## Requirement
Beginning with the line that holds "High Wycombe, UK." and finishing with the line that holds "Volwassen koppel wandelen", repeat the listing exactly, leaving every picture out.

## Extracted data
*-*-*

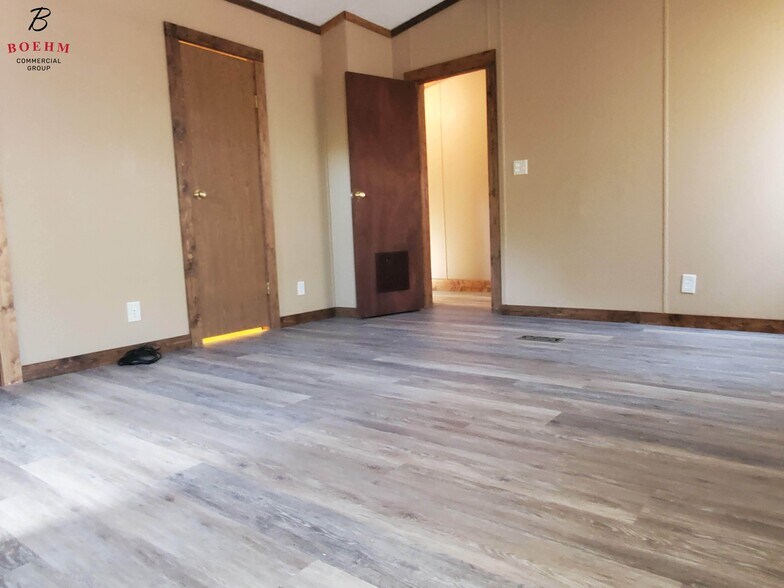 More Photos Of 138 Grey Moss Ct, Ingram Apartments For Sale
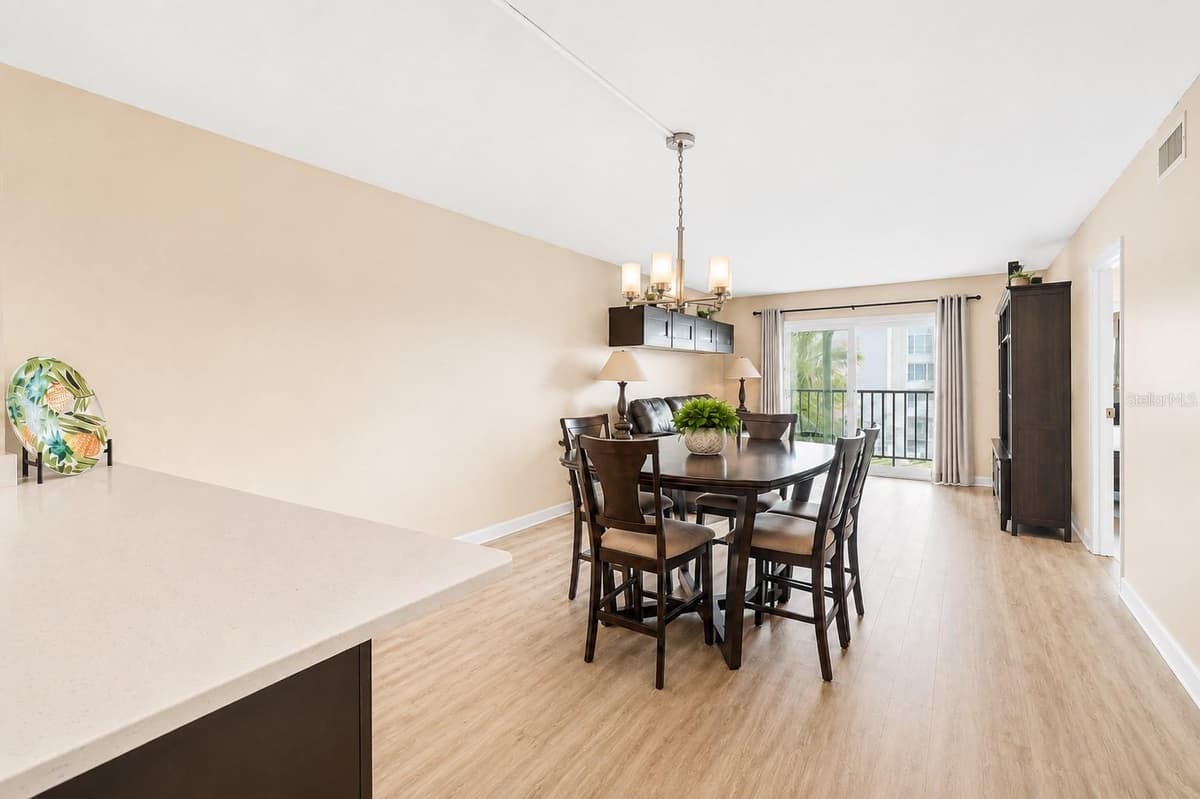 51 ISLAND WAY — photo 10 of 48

*-*-*

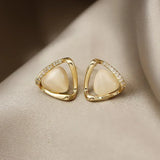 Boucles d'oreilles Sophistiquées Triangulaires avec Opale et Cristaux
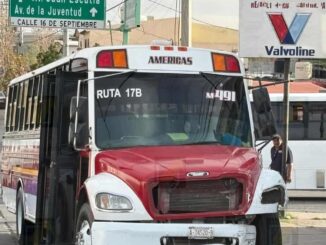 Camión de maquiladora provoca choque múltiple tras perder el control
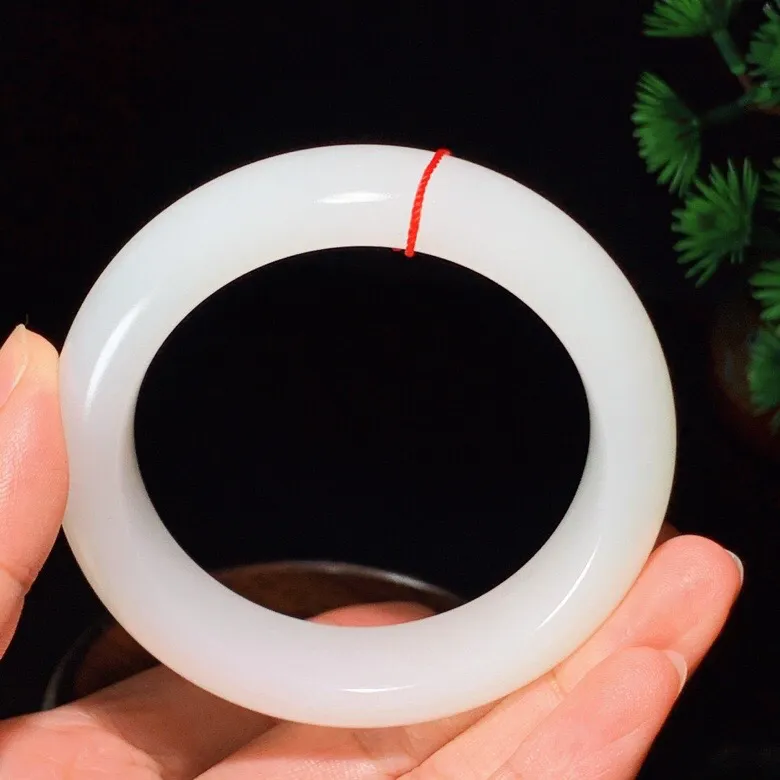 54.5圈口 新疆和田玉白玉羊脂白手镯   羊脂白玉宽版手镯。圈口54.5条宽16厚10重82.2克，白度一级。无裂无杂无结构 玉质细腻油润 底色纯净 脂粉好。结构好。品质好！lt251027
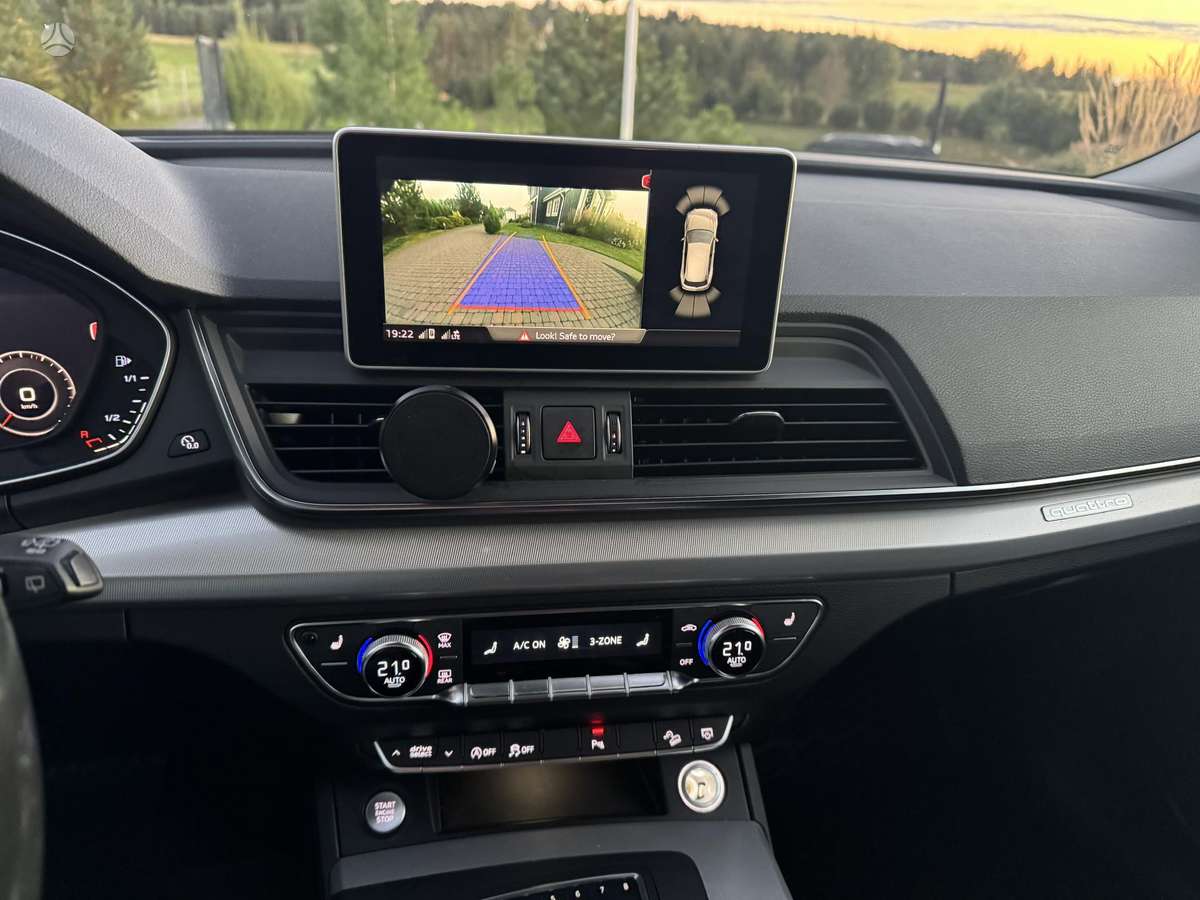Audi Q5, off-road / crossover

*-*-*

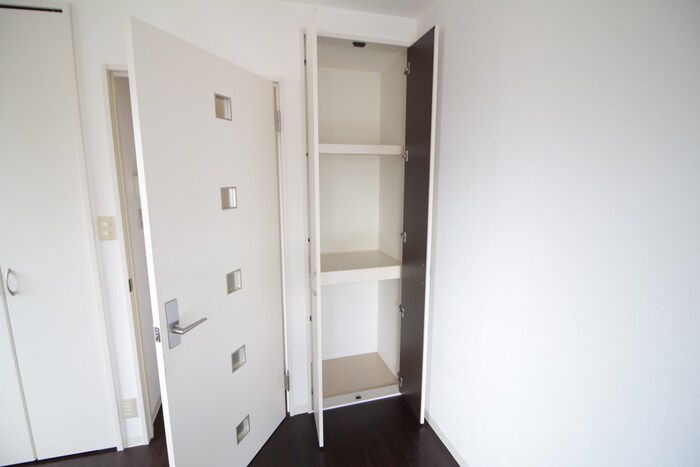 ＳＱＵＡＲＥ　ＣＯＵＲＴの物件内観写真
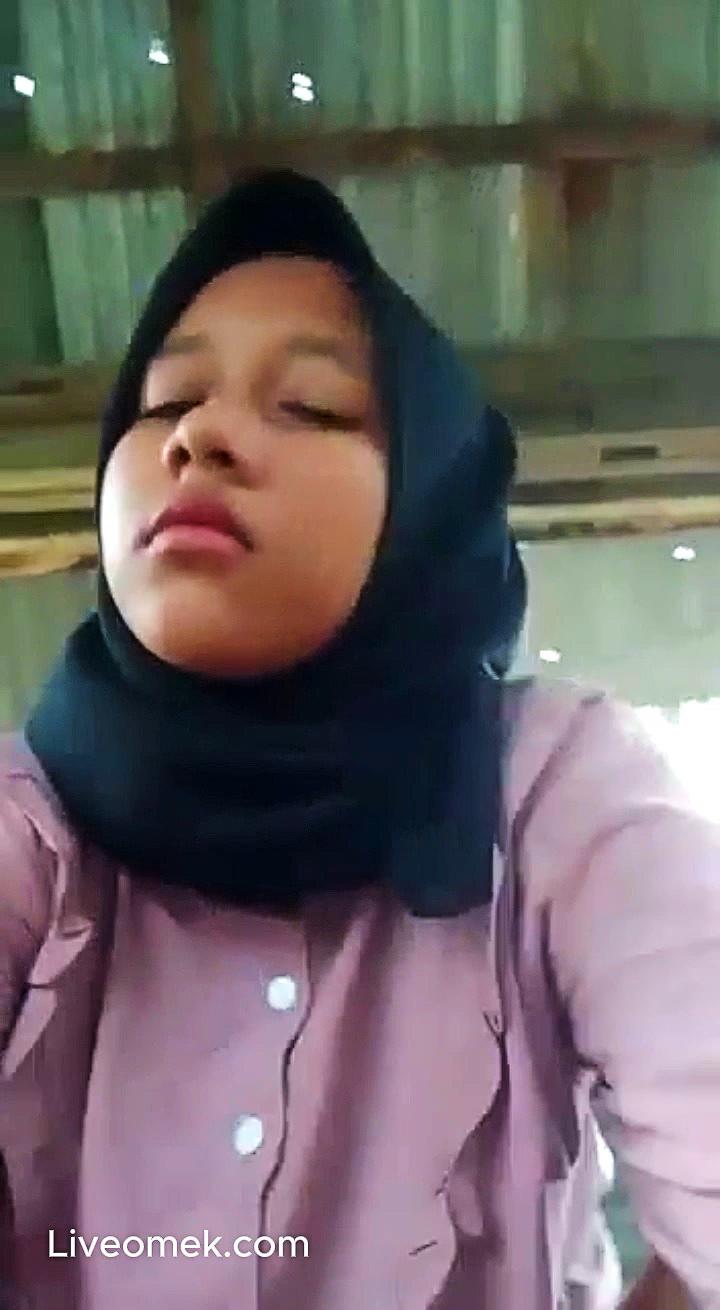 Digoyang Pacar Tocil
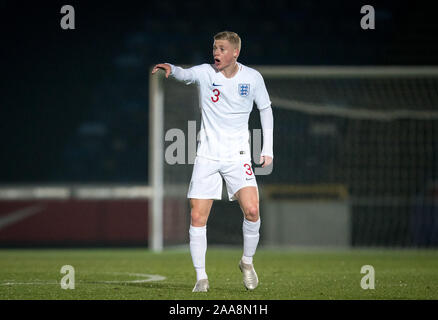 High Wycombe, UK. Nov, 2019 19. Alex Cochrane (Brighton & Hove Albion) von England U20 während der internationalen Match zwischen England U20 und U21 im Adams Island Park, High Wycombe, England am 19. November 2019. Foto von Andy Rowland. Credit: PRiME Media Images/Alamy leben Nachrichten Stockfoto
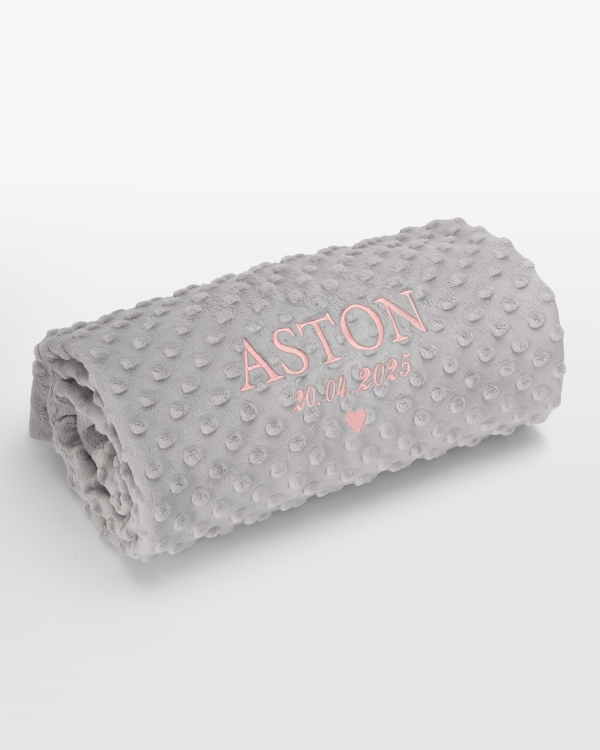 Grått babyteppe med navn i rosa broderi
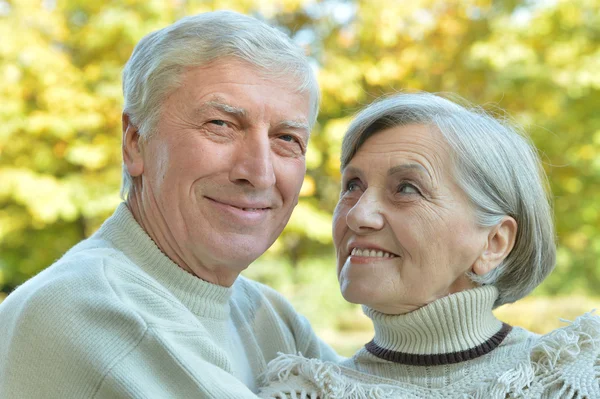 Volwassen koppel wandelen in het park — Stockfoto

*-*-*

## Result of this exercise
 High Wycombe, UK. Nov, 2019 19. Alex Cochrane (Brighton & Hove Albion) von England U20 während der internationalen Match zwischen England U20 und U21 im Adams Island Park, High Wycombe, England am 19. November 2019. Foto von Andy Rowland. Credit: PRiME Media Images/Alamy leben Nachrichten Stockfoto
 Grått babyteppe med navn i rosa broderi
 Volwassen koppel wandelen in het park — Stockfoto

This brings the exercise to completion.